Non-volatile memory devices are arranged in either a parallel interface arrangement or a serial interface arrangement. In past years, the parallel interface was more prevalent because of its fast, random access capability, making it ideal for direct code execution. In recent years, the serial interface has become more prevalent for storing personal preference and configuration data, offering a low pin count, low power consumption, and smaller packages. The parallel interface uses independent outputs and address pins with a rectangular array of memory devices. The serial interface typically uses a two wire configuration and sometimes a third wire for clock signals. Other wire arrangements can be found but a clock signal is always present.
An example of a parallel interface is shown in U.S. Pat. No. 4,451,903 entitled “Method for Encoding Product and Programming Information in Semiconductors,” assigned to the assignee of the present invention. FIG. 4 of the '903 patent shows how many parameters that characterize non-volatile memory devices may be specified for encoding in the memory. In this example, 15 different parameters, including device manufacturer are encoded.
The increasing popularity of the serial interface has led to the development of the Serial Peripheral Interface (SPI) protocol. The SPI standardizes the pins for serial interface devices and defines a group of such pins as an SPI bus.
Despite the growing number of serial interface memory manufacturers (each of whom has been assigned a manufacturer identification by JEDEC publication 106, which standardized manufacturer identification codes encoded on devices), there is no common electronic method for identifying these serial interface memories, or SPI devices, on an SPI bus once these devices are installed. This is problematic since different devices possess different characteristics, such as voltage range, erase times, etc. and may possess different architectures and command sets. If multiple, different SPI devices are installed on an SPI bus, it is necessary to identify these different devices in order for them to operate within the system.

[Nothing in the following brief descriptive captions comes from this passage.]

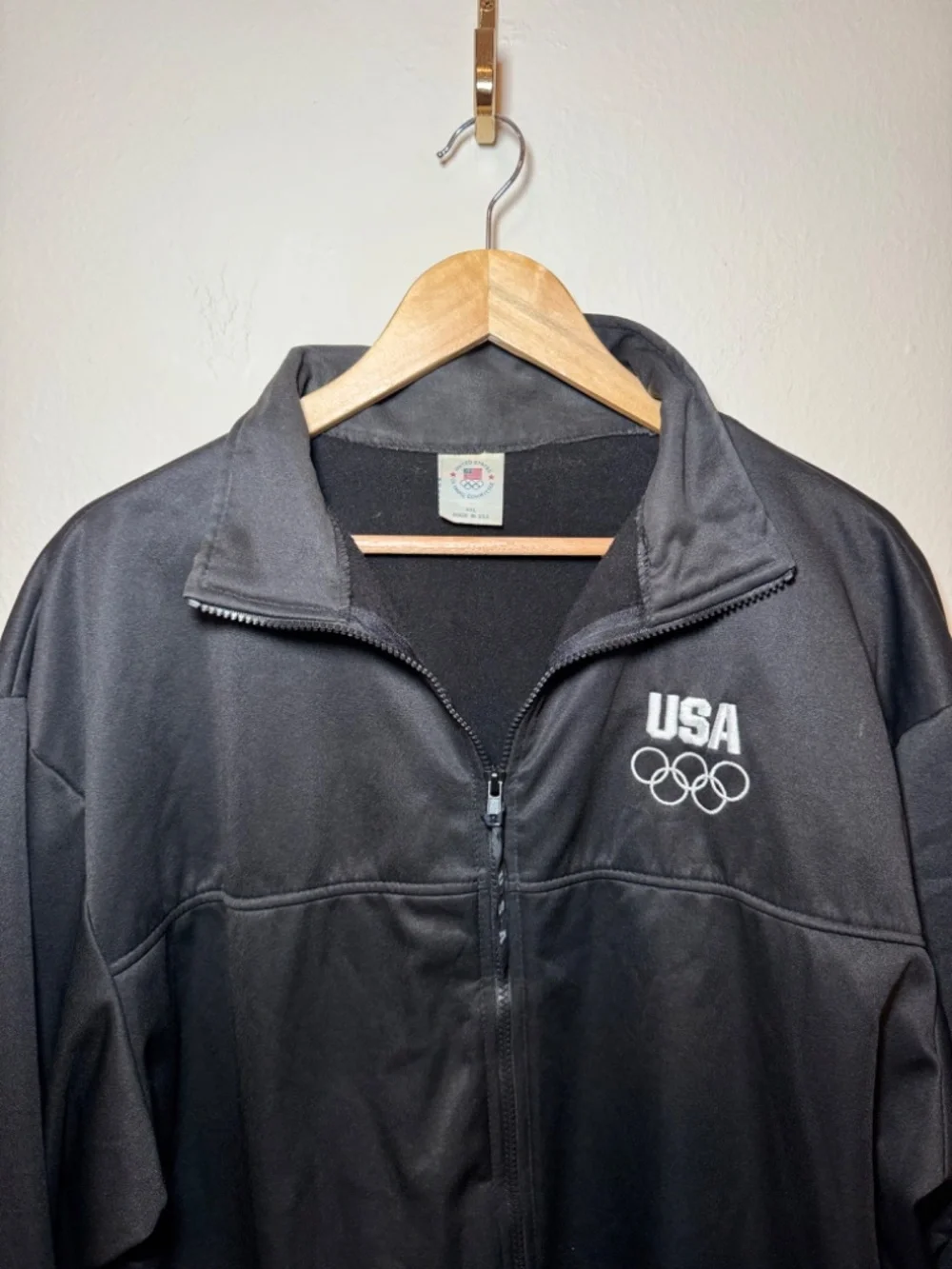 Vintage USA Olympic Committee Track Jacket XXL Black Full Zip Americana Y2K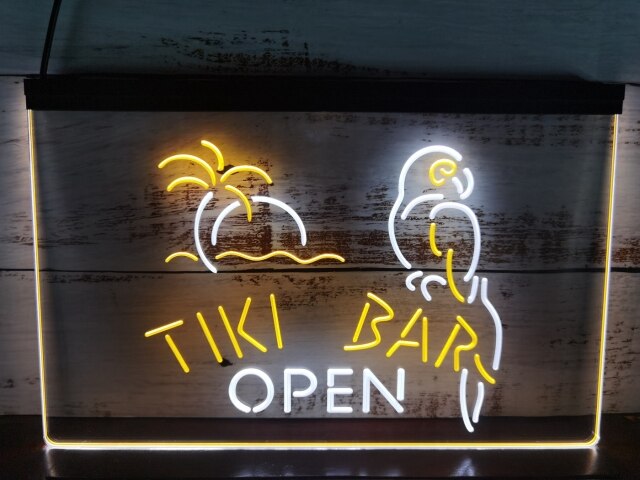 Tiki Bar Open Two Tone Illuminated Sign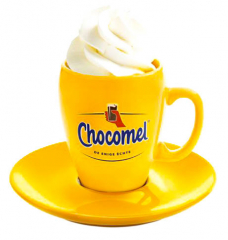 Chocomel cocoa, cocoa mug with saucer, cup, orange, cocoa mug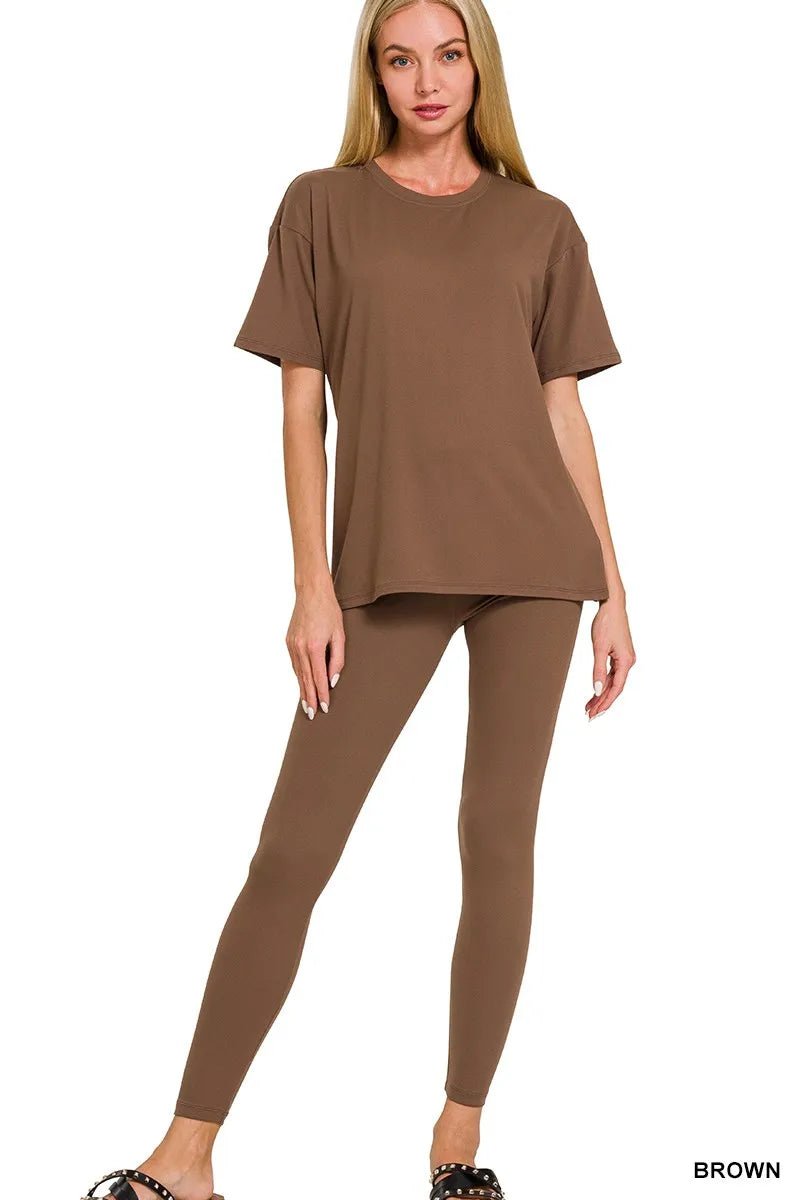 Plus Size Microfiber Short Sleeve Top and Pants Loungewear Set - House Flexa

While there are common methods for identifying parallel non-volatile memory devices, such as those contained in the Common Flash Memory Interface (CFI) specification which uses a single, common command to identify different suppliers' devices, these methods cannot be employed in serial devices because serial devices lack the address and data lines which allow the random access of information in parallel devices. (See “Common Flash Memory Interface (CFI) Specification,” Sharp AP-003-CFI-E.) In contrast to parallel devices which may have 16 or more address lines and between 8 and 32 data lines and, as noted above, access data randomly, serial devices have three lines and access information sequentially. Clearly, it would be desirable for there to be a method which not only identified any and all SPI devices installed on a system's SPI bus by the device's manufacturer and vendor-specific information, such as device density, device family, and device version, but also identified extended device information such as process technology, die revision, voltage levels, etc.